- Leagues: Super League
- Founded: 2011
- Dissolved: 2019
- History: Dublin Thunder 2011–2013 Swords Thunder 2013–2019
- Arena: ALSAA Sports Complex
- Location: Dublin Airport, Dublin
- Team colors: Red, black, white

= Swords Thunder =

Swords Thunder was an Irish basketball team based in Dublin. The team competed in the Super League and played its home games at the ALSAA Sports Complex.

==History==
===Dublin Thunder===
In 2010, Dublin Thunder Basketball Club was founded. The following year, founder member Dave Baker became the inaugural coach of club's senior men's representative team. Aligned with Dublin Business School, Baker applied for national league status, but rulings required them to have played at least one year at local level before playing in the national league. With the Dublin league being full, Dublin Thunder entered the European Friendly Basketball League (EFBL). Between July 2011 and January 2012, they went unbeaten in the EFBL. They also boasted a friendly record of 27–1, having played 28 games against four American colleges, a pro team from the Philippines and five SuperLeague teams. On 27 January 2012, Dublin Thunder won the Basketball Ireland Senior Men's National Cup with an 87–45 win over UCD Marian in the final.

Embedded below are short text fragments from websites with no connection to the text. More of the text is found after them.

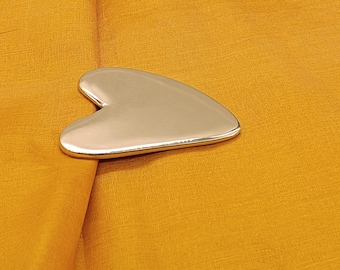Aureali Heart Kansa Gua sha for skin tightening and jawline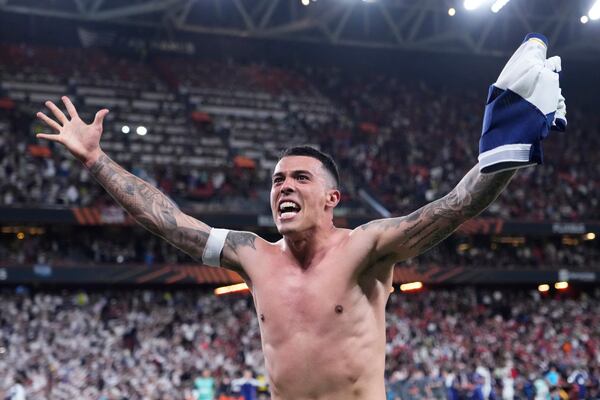 Tottenham's Pedro Porro celebrates after winning the Europa League final soccer match against Manchester United at the San Mames Stadium in Bilbao, Spain, Wednesday, May 21, 2025. (AP Photo/Jose Breton)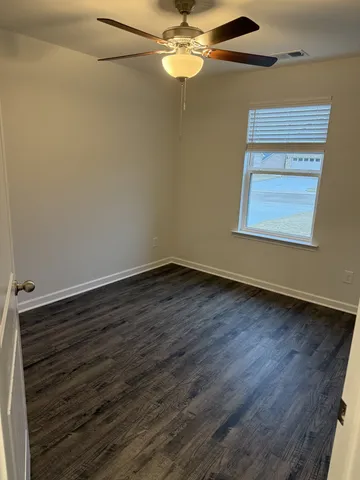 an empty room with wooden floor fan and windows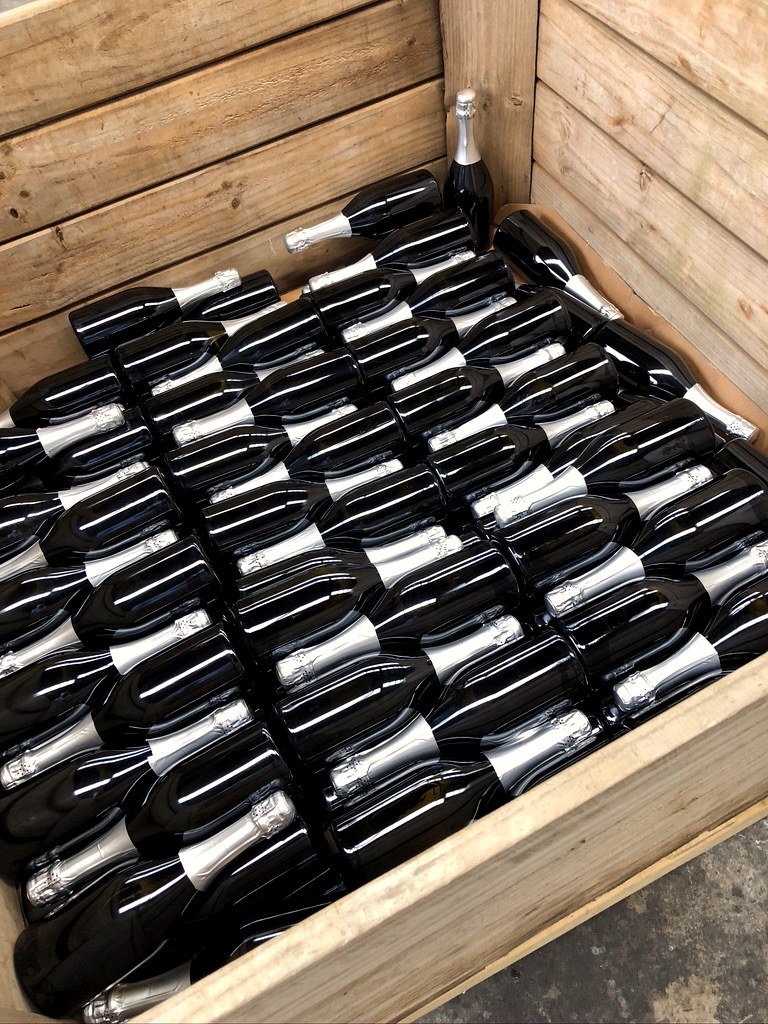 Finished sparkling wine bottles packed in a timber crate.
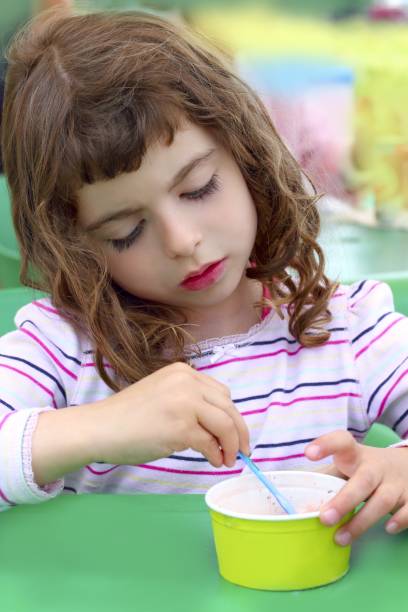 istock brunette little girl eating ice cream 1347656201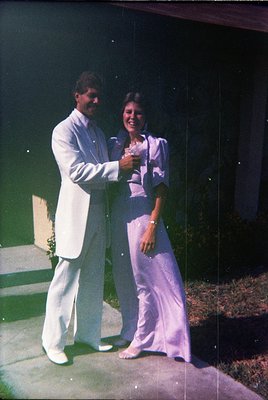 Two individuals pose indoors, likely at a 1970s wedding or formal event. The man wears a white suit with a satin lapel, while...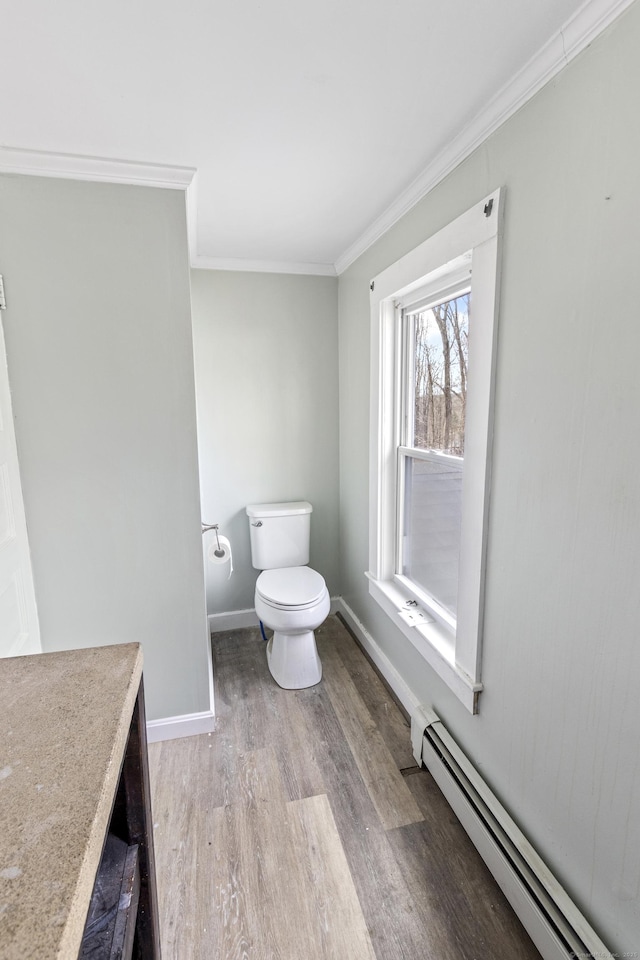 bathroom with hardwood / wood-style floors, a baseboard radiator, toilet, and crown molding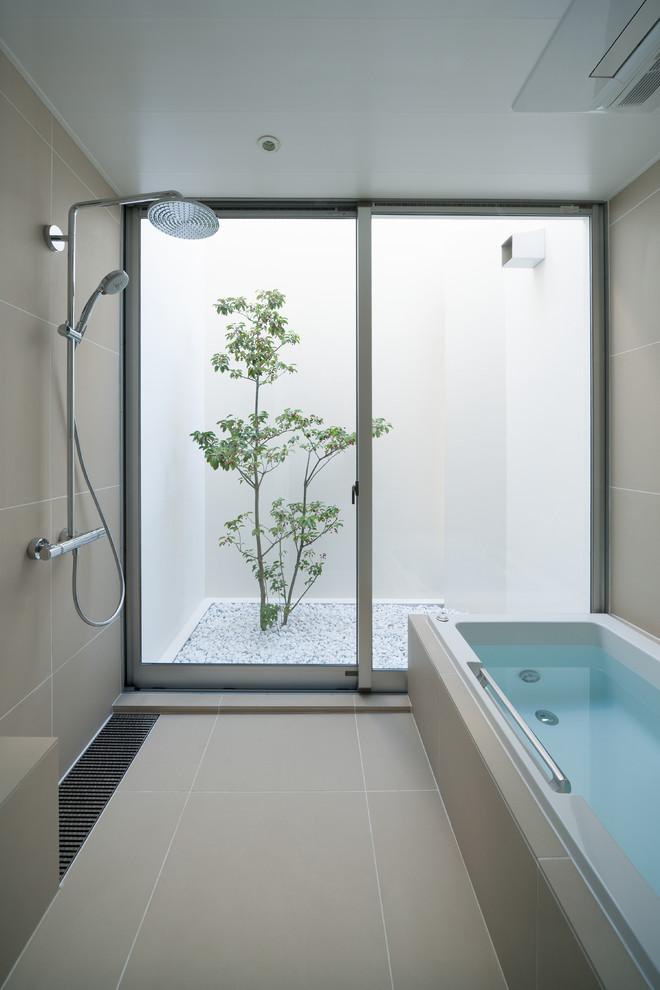 На фото: главная ванная комната в стиле модернизм с накладной ванной, душевой комнатой, бежевой плиткой, бежевыми стенами, бежевым полом и открытым душем с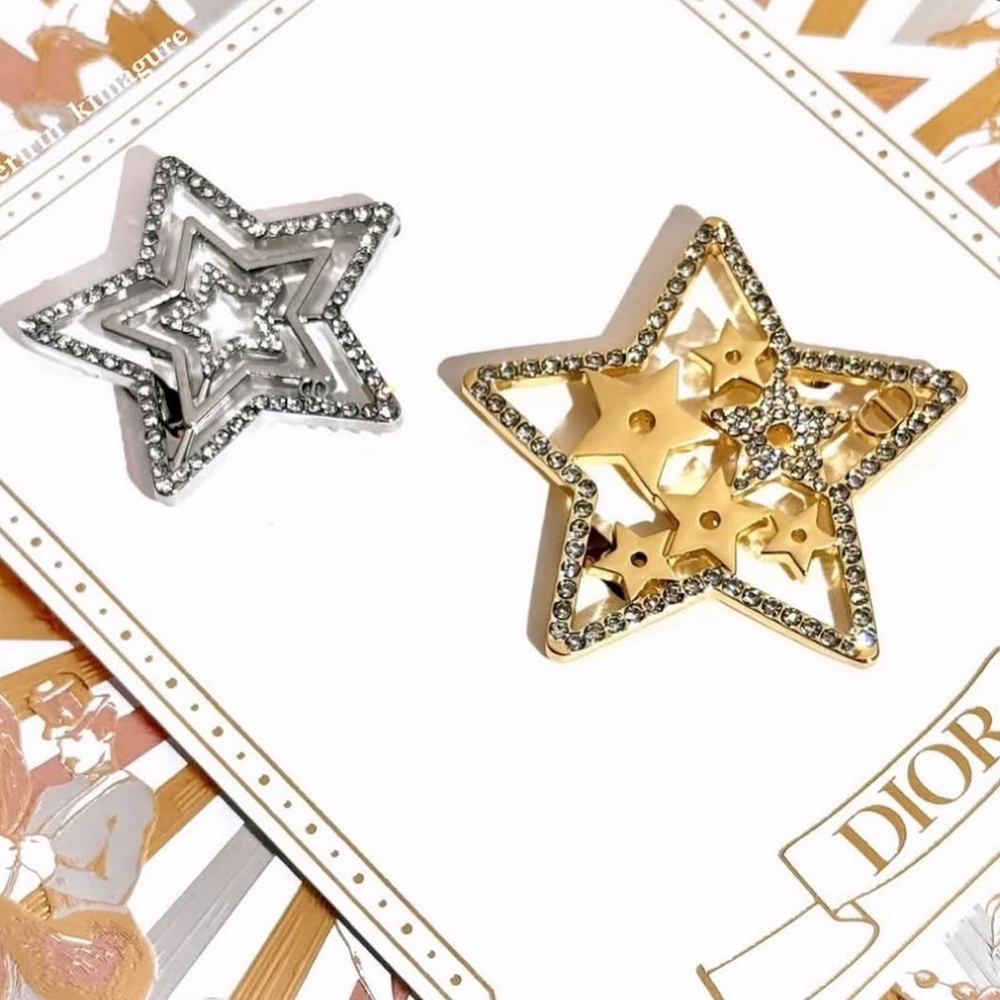 New and authentic Dior Silver and Gold Star Hair Clips
Limited edition. - Picture 8 of 9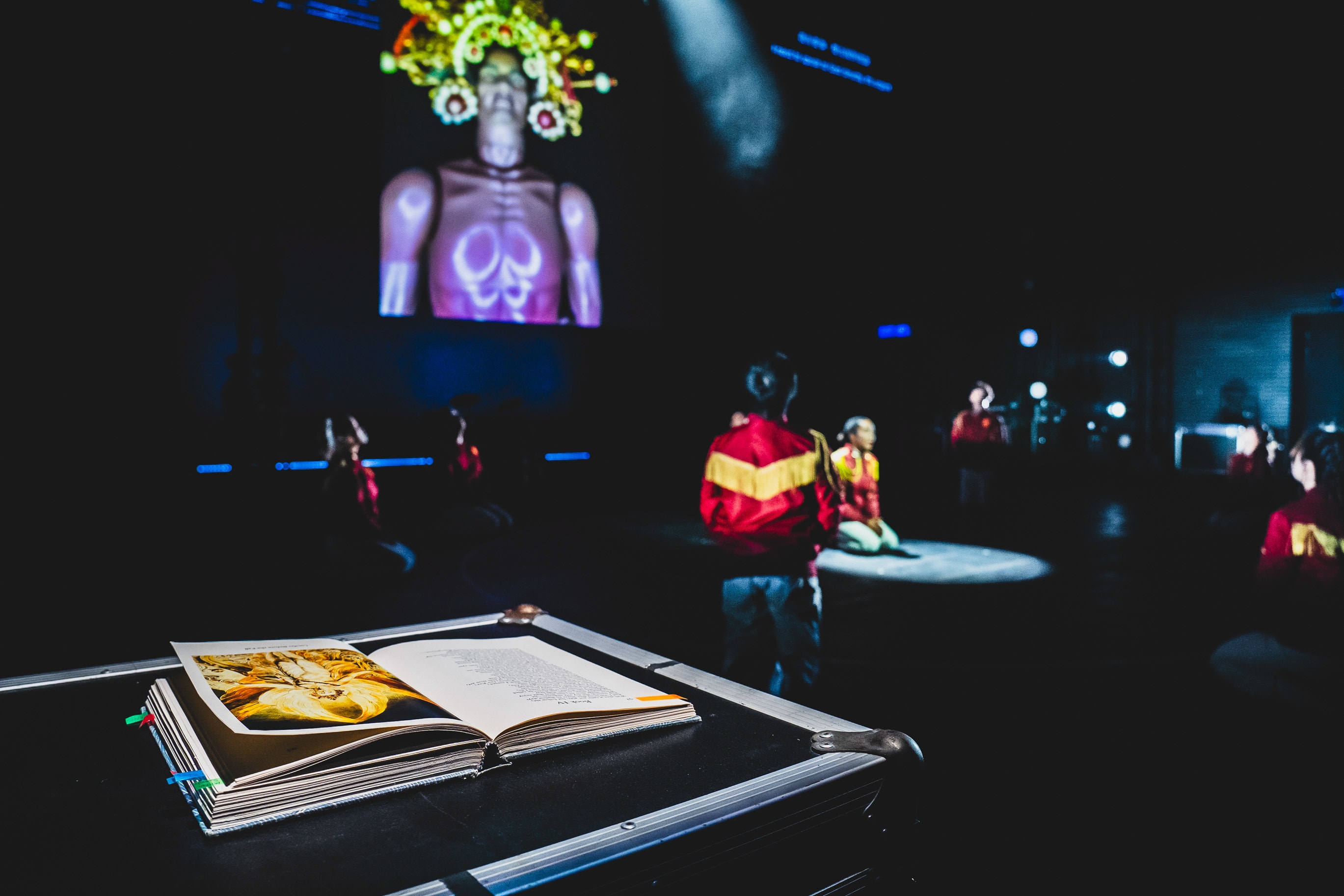 In a dark, atmospheric theatre space, a performer stands in the foreground wearing a red jacket with yellow chevrons, facing a large projection on the back wall of a figure adorned with a golden, glowing crown. In the foreground, an open book rests on a road case, its pages illuminated, suggesting an intimate connection between text and performance. This rehearsal shot of 'Songs of Innocence and Experience' highlights the experimental stage design and multimedia storytelling characteristic of Rooftop Productions' contemporary Hong Kong theatre work. 'Songs of Innocence and Experience (WestK)'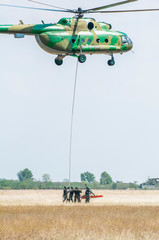 Soldiers on a rescue military operation with helicopter.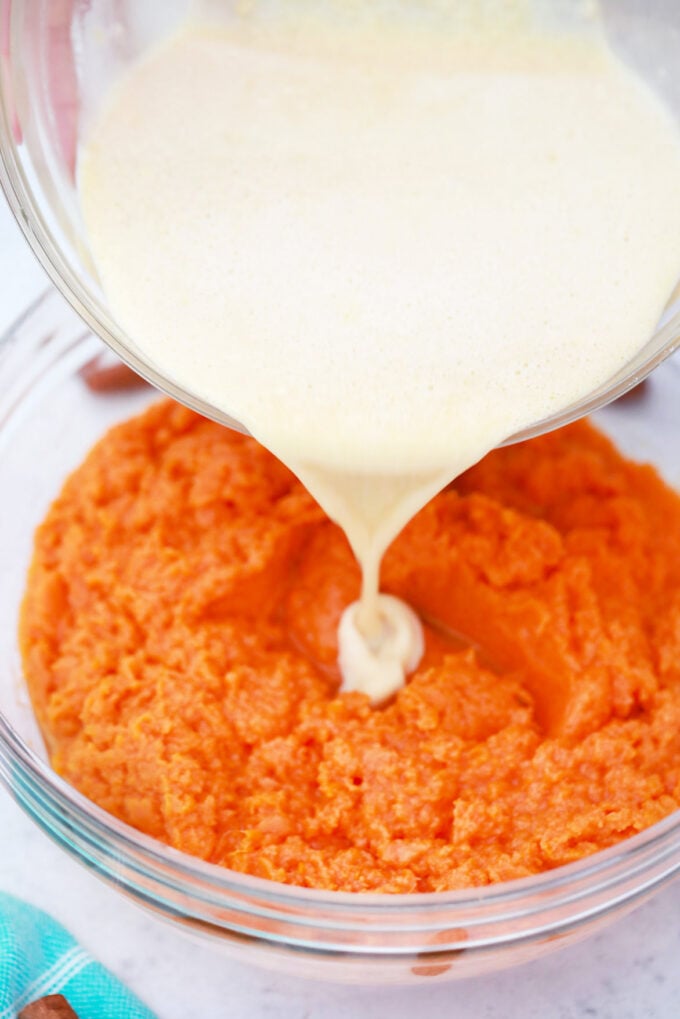 Adding cream to mashed potatoes.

For the 2012–13 season, Thunder entered the National League Division 1.

===Swords Thunder===
For the 2013–14 season, the team was renamed Swords Thunder after Dublin Thunder Basketball Club linked with Swords Basketball Club. They went on to finish runners-up in the National League Division 1 while securing the Three Nations Cup title in Lecce, Italy.

For the 2014–15 season, Swords Thunder entered the Premier League and finished as regular season runners-up.

In the 2015–16 season, Thunder made their maiden final appearance in the Hula Hoops Men's National Cup, where they lost 78–75 to Templeogue.

In the 2016–17 season, Thunder won the Hula Hoops Men's National Cup with a 72–51 victory over Killester in the final. They also finished as regular season runners-up for the second time in three years.

In February 2019, Swords Thunder disbanded and withdrew from the Super League midway through the 2018–19 season. The team began the season relatively well and were in third spot in November, but after founder and coach Dave Baker began suffering with health problems, the team started to fall apart and its relationship with main sponsor Griffith College began to weaken.